I’d also say to anyone who feels that way: you aren’t alone, you aren’t ‘strange’ and you’ll find ‘your kind of people’ in time. Many of the best writers I know were bullied at school. I hated and feared the playground and I used to survive it by pretending I was making a radio or TV documentary about what was going on around me. Years later, I found that way of thinking useful when I started writing poetry.

2. On your Twitter feed you give regular updates on the Lonely Hearts column in The Metro – do you find stories like this inspiring? Do they find themselves into your work?

Well, mostly, I just find those ‘Rush Hour Crush’ messages hilarious:

‘I was eating a baguette the size of my head, you fell down the escalator and lost your shoe. Drink?’.

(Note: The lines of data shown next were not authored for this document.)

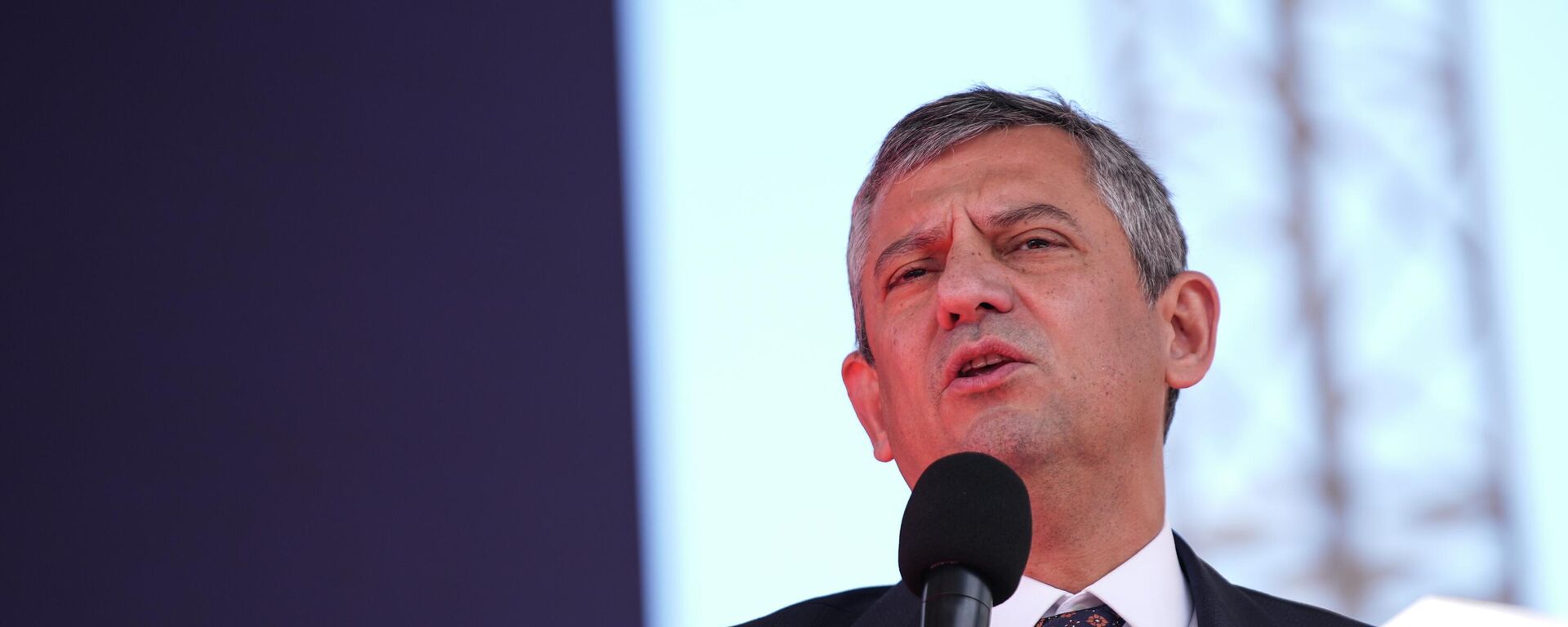 Özgür Özel  - Sputnik Türkiye, 1920, 11.04.2026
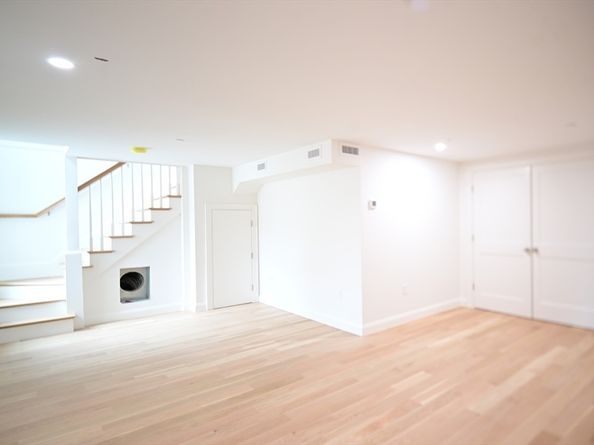 66 Pleasant Street 1, Marblehead MA 01945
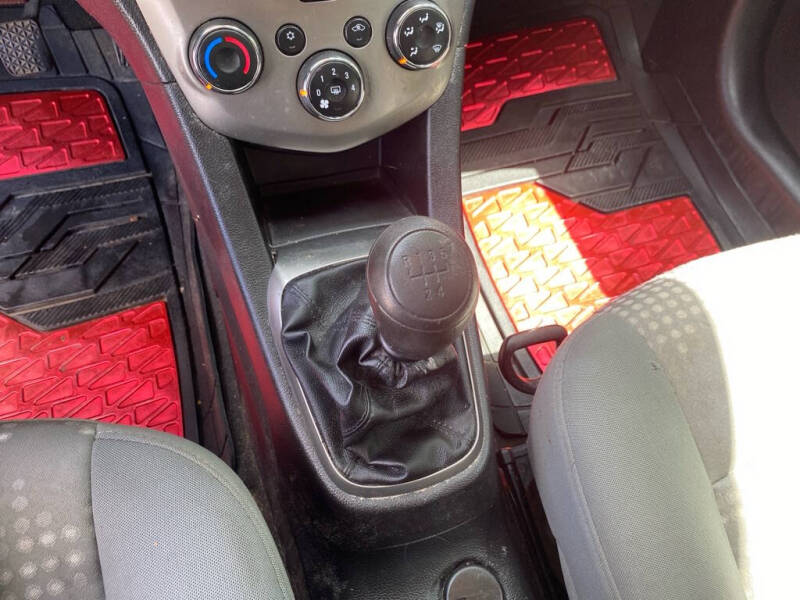 2012 Chevrolet Sonic LS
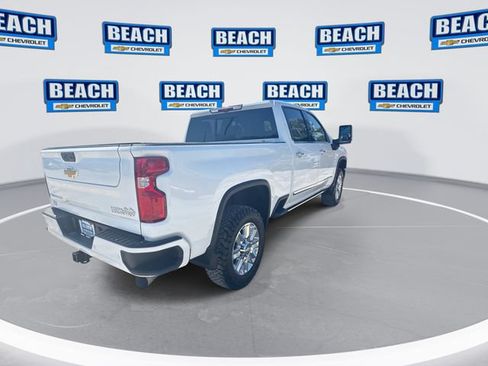 Used 2024 Chevrolet Silverado 3500 High Country w/ High Country Premium Package AWD/4WD image 7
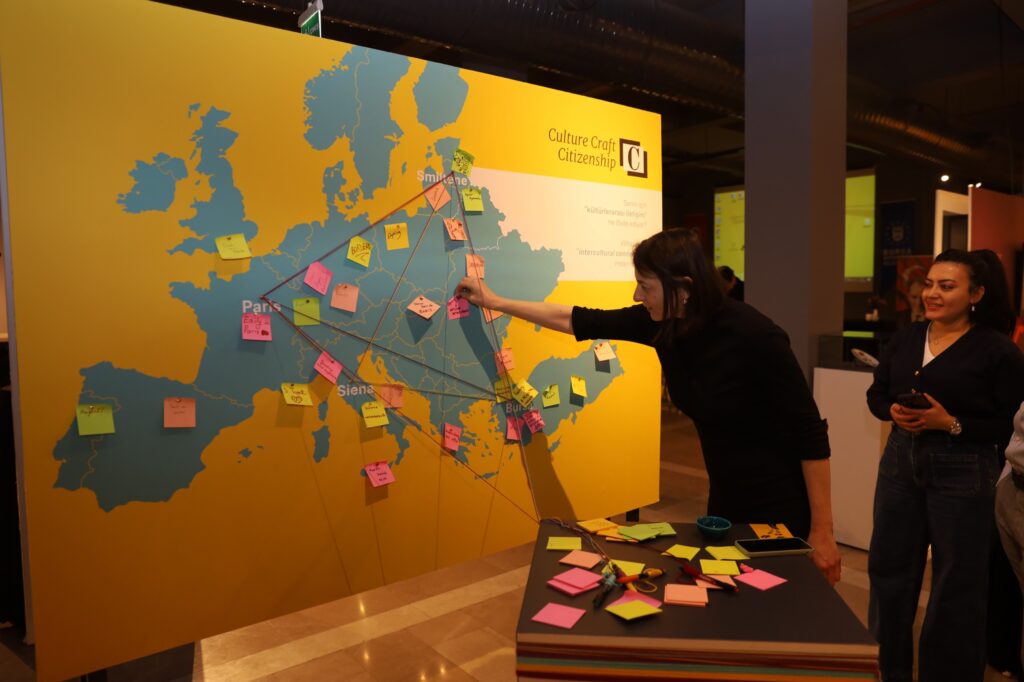 Kimlik Sergisi Ziyarete Açıldı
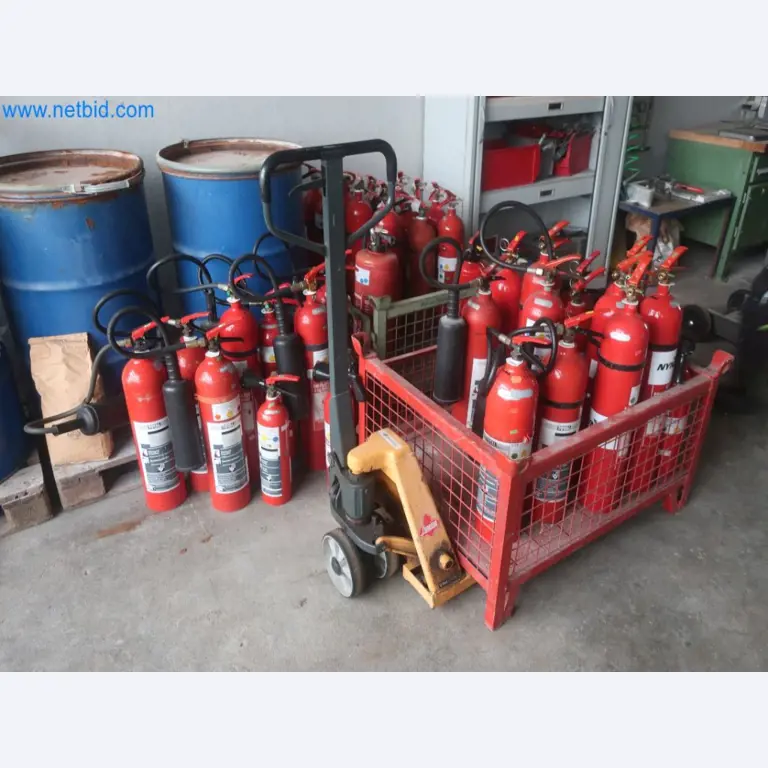 Plants for the production and storage of mineral oil products as well as input and finished products for the production of lubricants-1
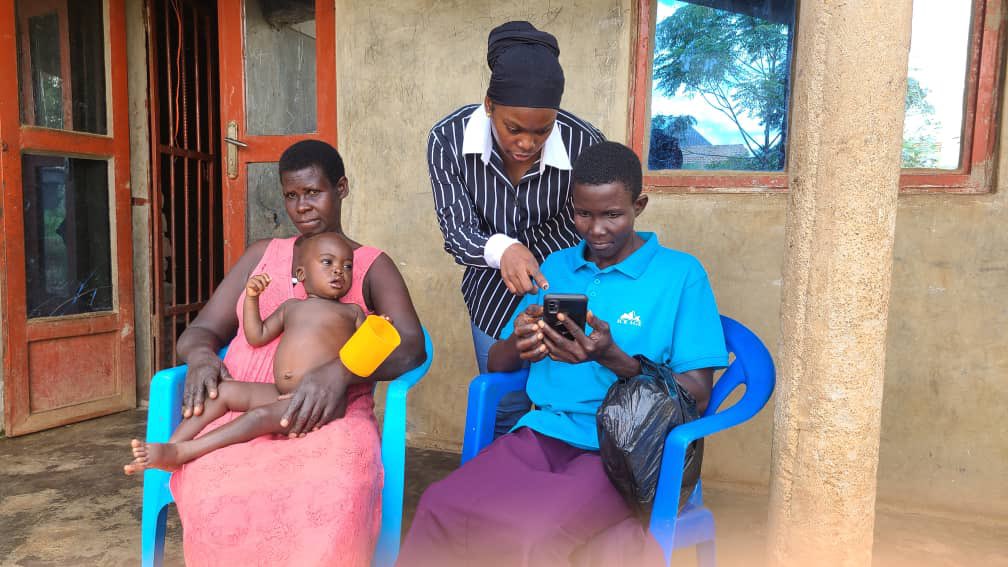 DianaAtwine's tweet image. Our digitization teams are training trainers who will, in turn, train VHTs to use the Electronic Community Health Information System (ECHIS). This system empowers VHTs to digitize household data, improving health tracking and decision-making. Data includes patient records,…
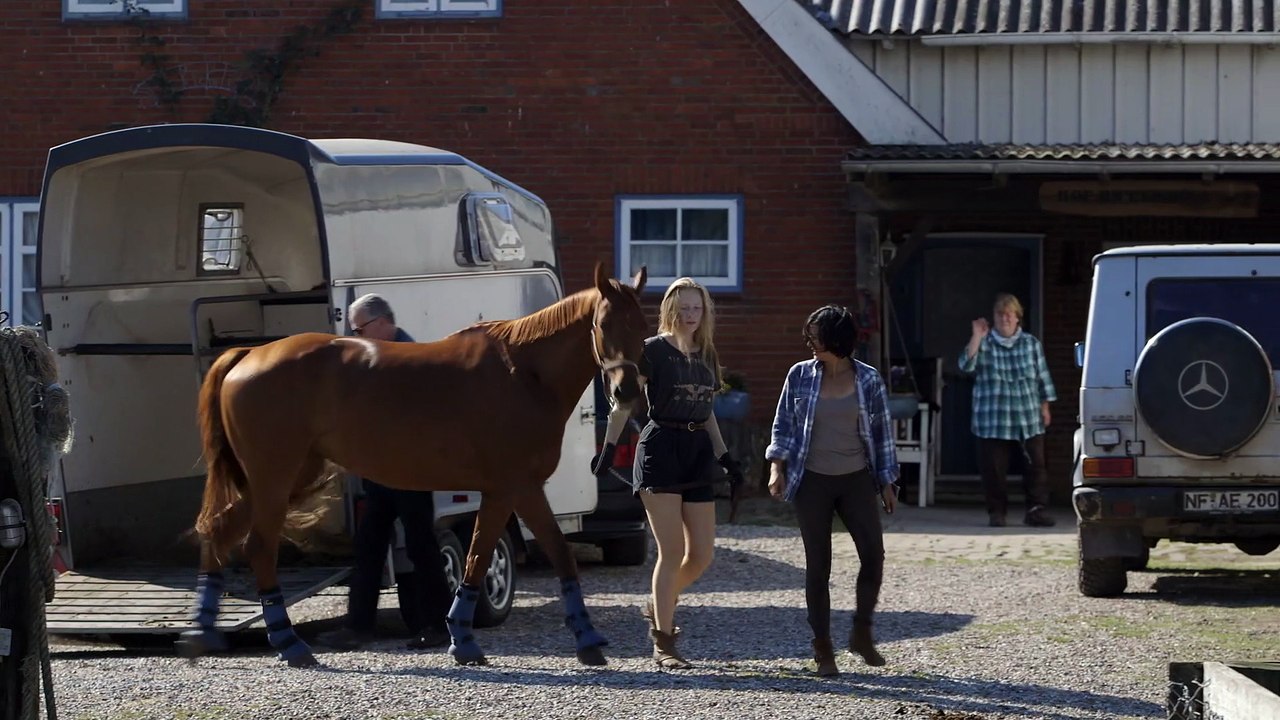 Von Mädchen und Pferden 2014 Trailer deutsch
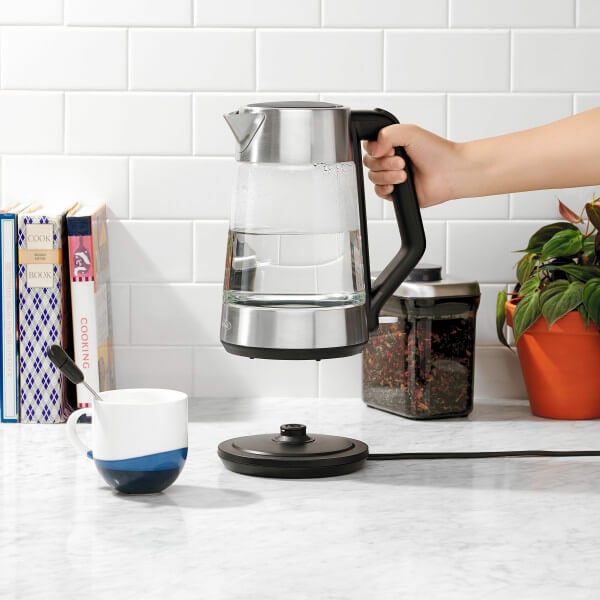 cordless-glass-electric-kettle-v5 lifestyle2.jpg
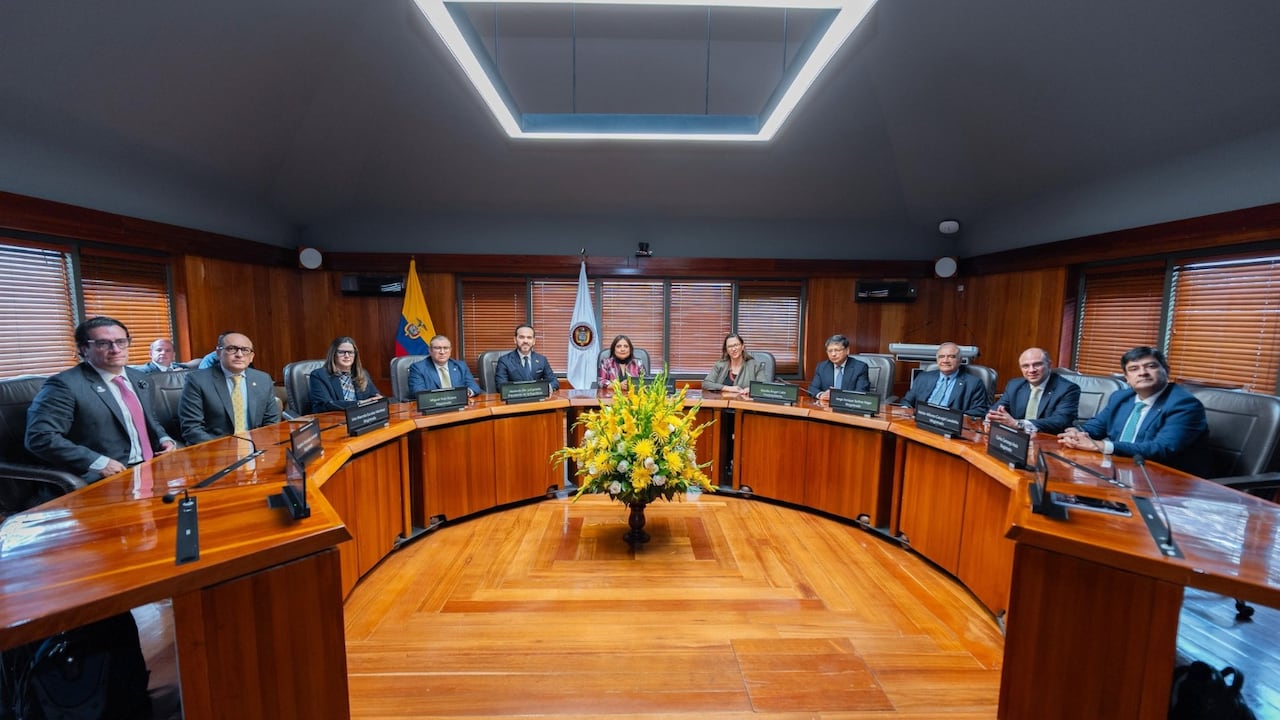 La Sala Plena de la Corte Constitucional se reunió con el mandatario el pasado 26 de agosto.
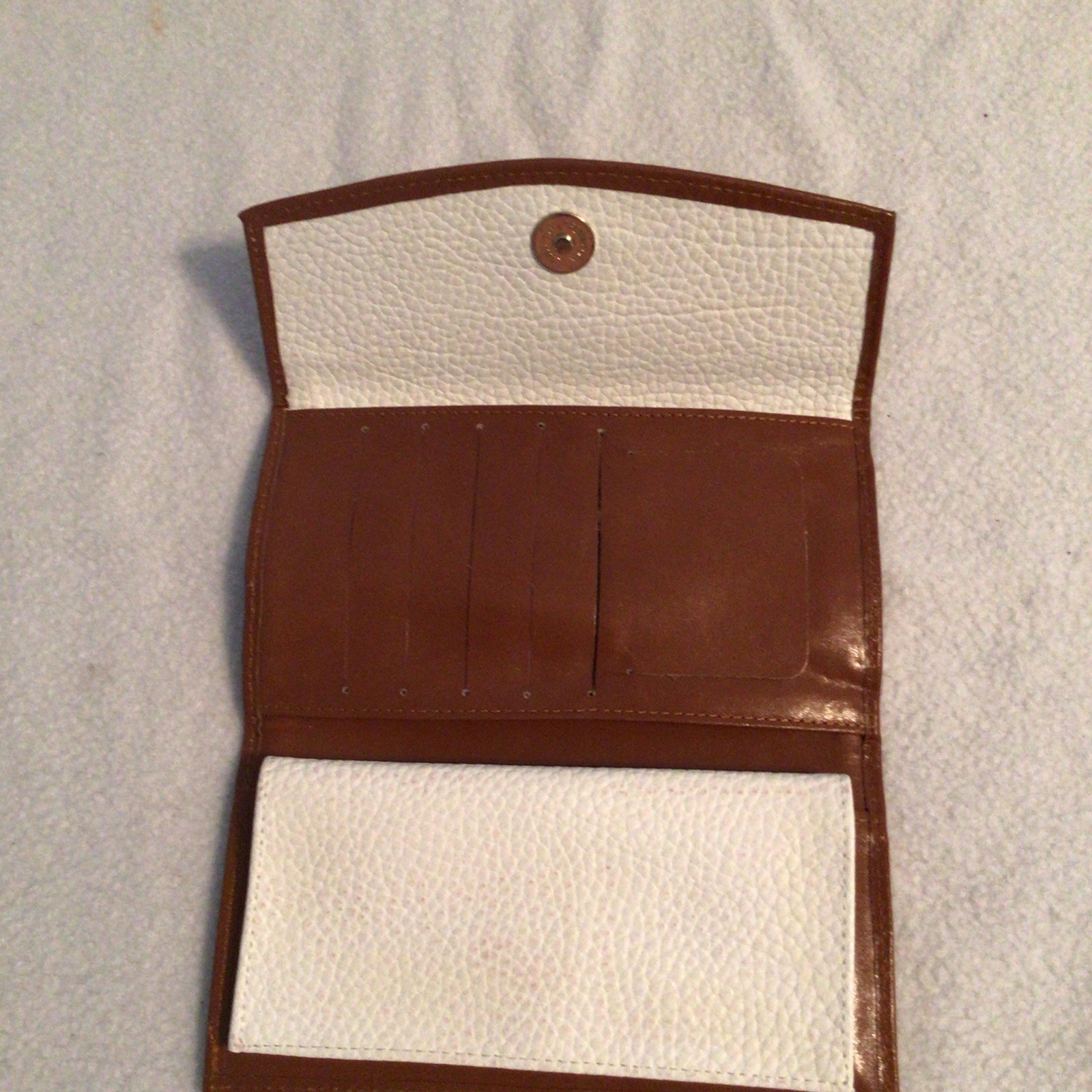 Dooney & Bourke White Brown Folding Wallet Snap Closure Card Slots Zip Coin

Underneath my amusement there’s something serious though. I’m a bit obsessed with missed connections, roads-not-taken and bittersweet brief encounters.

When I was a teenager, I remember loving this poem by Douglas Dunn where he talks about strangers seen and long for from a bus window. I’m haunted by a sense of possibility and the ache of lives not lived and it definitely creeps into my poems, some of which imagine other worlds behind the everyday.

I remember interviewing the poet John Burnside once and he told me he thought ‘they all lived happily ever after’ was a rubbish ending for any story because it closes down the possibility of other stories.

As he puts it in his memoir ‘Waking Up in Toytown’:

‘Didn’t F. Scott Fitzgerald say somewhere that the difference between a sentimentalist and a romantic is that the sentimentalist is afraid that things won’t last forever and the romantic is afraid that they will?’

3. In your collection ‘No Map Could Show Them‘ you tell the stories of female pioneers, such as Alison Hargreaves, what kind of women are you drawn to when you write?

I’m really interested in women who did remarkable things but were still vilified for them, or who didn’t get the recognition they deserved.

Alison Hargreaves was one of the greatest mountaineers in the world, but when she died descending from K2, the media savaged her for going on dangerous expeditions as a mother of two.

I also wrote a sequence about Lillian Bilocca, a fishwife from Hull who successfully campaigned to get trawler safety legislation changed after the triple trawler disaster of 1968. Lil was a true pioneer, but she was mocked in the media for her accent and appearance (she weighed 17 stone) and she received death threats.

I admire women who keep doing what they do against the odds, even though their stories also sadden me: Lil died in relative obscurity.

4. The landscape often finds its way into your work as you’re an avid outdoors woman – where are your top places to walk and think in the UK?

I can never get enough of Derbyshire, the landscape I grew up visiting, where I learned to rock climb. Nothing beats a run along Stanage Edge (followed by a pint in The Norfolk Arms) or a walk with dogs on Abney Moor. I think best when I’m on the move, or somewhere high up, looking down.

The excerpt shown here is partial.